Wrong, wrong, wrong.
Rather than give you 10,000 words (no, I'm not kidding) if you assemble the engine some of the easiest things to look for are:
1. adjuster runs off the tip (duh)
2. can't get an adjustment
3. angle for valve closed (lift = 0) is completely different from valve fully open (lift = 100%)
4. the adjuster only moves in one direction during the lift
5. adjuster does not pass through the center of the stem tip during lift
The "correct" geometry is perceived to be when a(n) (imaginary) line drawn between the adjuster contact point and the rocker shaft centerline is at 90° with the valve stem axis at 50% lift. This is called the "mid-lift" or "Miller" method, and it's not the only method, not necessarily the best method, but it works and is the easiest to plan and measure.
If this is correct, the adjuster's "scrub path" or what pattern it makes on the stem during lift, will start slightly inboard (closer to the shaft) of the valve stem tip center at 0 lift, walk across (away from the shaft) until 1/2 lift, then walk back. If it does not do this, it's wrong.
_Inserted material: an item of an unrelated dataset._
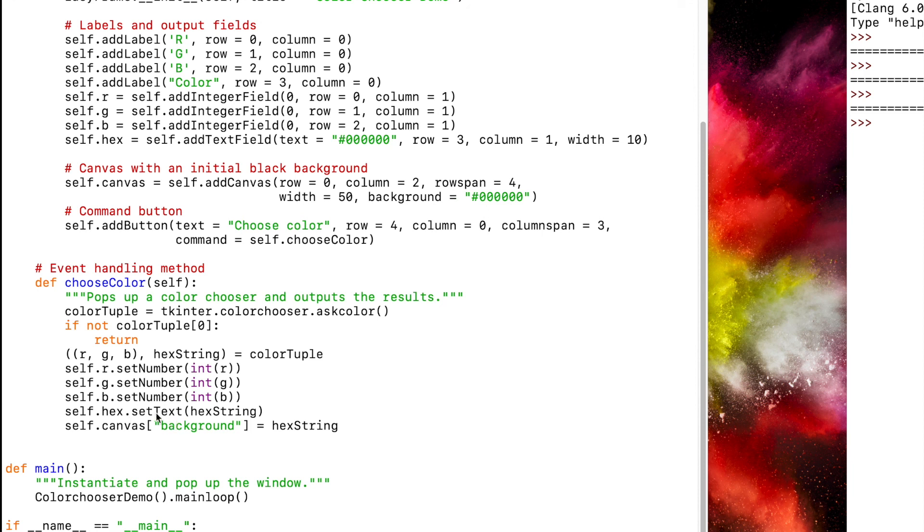We're setting our text to our hex string, and then changing the canvas background to be what our hex string is.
The positions need not be centered (far less important, and cannot be cured by adjustment anyway), but stopping and reversing at mid-way is key.
If you can't actually measure this, anything that shortens the length of the scrub path is good.
You can simulate a shorter pushrod by shimming the rocker box up, use the smallest increment shims your patience will stand (.005" is a waste of time, .060" is too big).
You can simulate a longer pushrod by placing a small piece of metal scrap between the tappet and pushrod end, or pushrod and rocker end. I suggest aluminum, since you can easily dent it with a punch to match the curvature. Cut a small circle, then saw a slit from 1 side to the center to make it easier to dent.